Poo knitted his brow and said, “It’s the same thing.”
That is the sad fact of modern life.
There have always been children who wanted to be musical. In the old days, there were well trodden career paths. There were Working Men’s Clubs for instance. Those not good enough for the clubs contented themselves with brass bands or performing their party pieces at parties rather than audition rooms. Occasionally, someone had their ‘lucky break’ and was signed by someone. The old outlets for moderate talent have disappeared but something else has happened. Advertising revenue that used to pay for The Palladium Show and similar, high quality entertainment, has dried up. ITV has had to fall back on self-funding phone in cash cows like, The X Factor and Britain’s Got Talent. This feeds our increasingly narcissistic society and ironically enough erects barriers to the same fame-hungry teenagers it encourages.
Prince Charles had an outburst a few years ago that is relevant here. http://www.telegraph.co.uk/comment/personal-view/3613023/The-Prince-and-his-PA-so-alike.html
Consumer tyranny has brought about the ‘person centred’ ethic where the customer is right even when he is wrong. Solicitors give advice and are told by their clients that they are wrong. Worse, we all tend to imagine we are customers – mere ‘consumers’ of education rather than beneficiaries. Some people do not like the ‘idea’ of climate change or evolution or the spherical earth, so they tell scientists they are wrong.

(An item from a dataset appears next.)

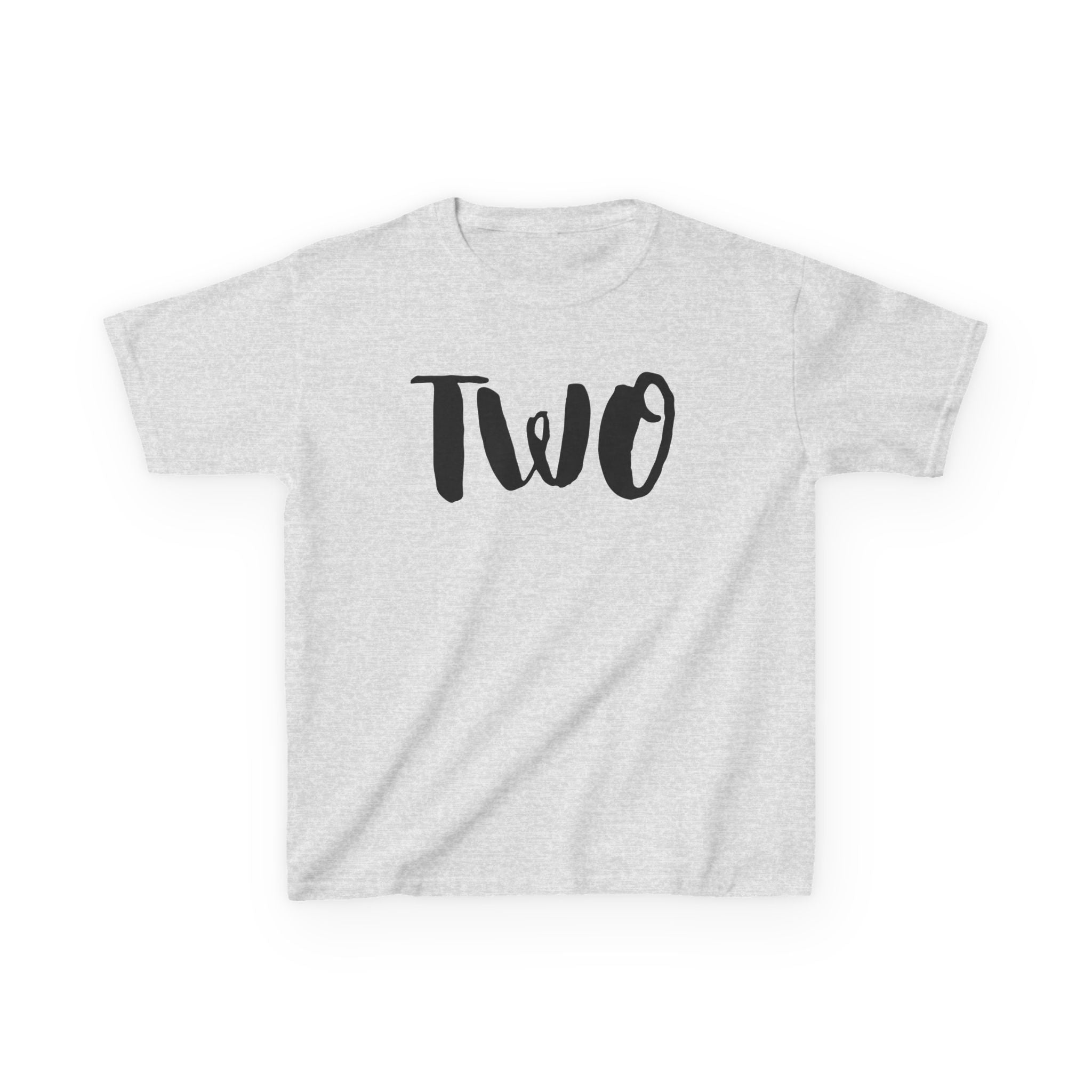 'Two' Kids T‑Shirt – Birthday Toddler Number Shirt for 2-Year-Olds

In a self-centred society like ours, your chance of getting funding for research can be affected by how popular your evidence is rather than how good it is.
Kids told, “You’re not good enough,” will just go on looking for someone who tells them a different story and waste years of their lives chasing moonshine when they could be reasonably happy with their lot. That is their tragedy, but it is money in the bank for the likes of Simon Cowell and Steve Jobs. More the latter; Simon Cowell is Steve Jobs’ lapdog.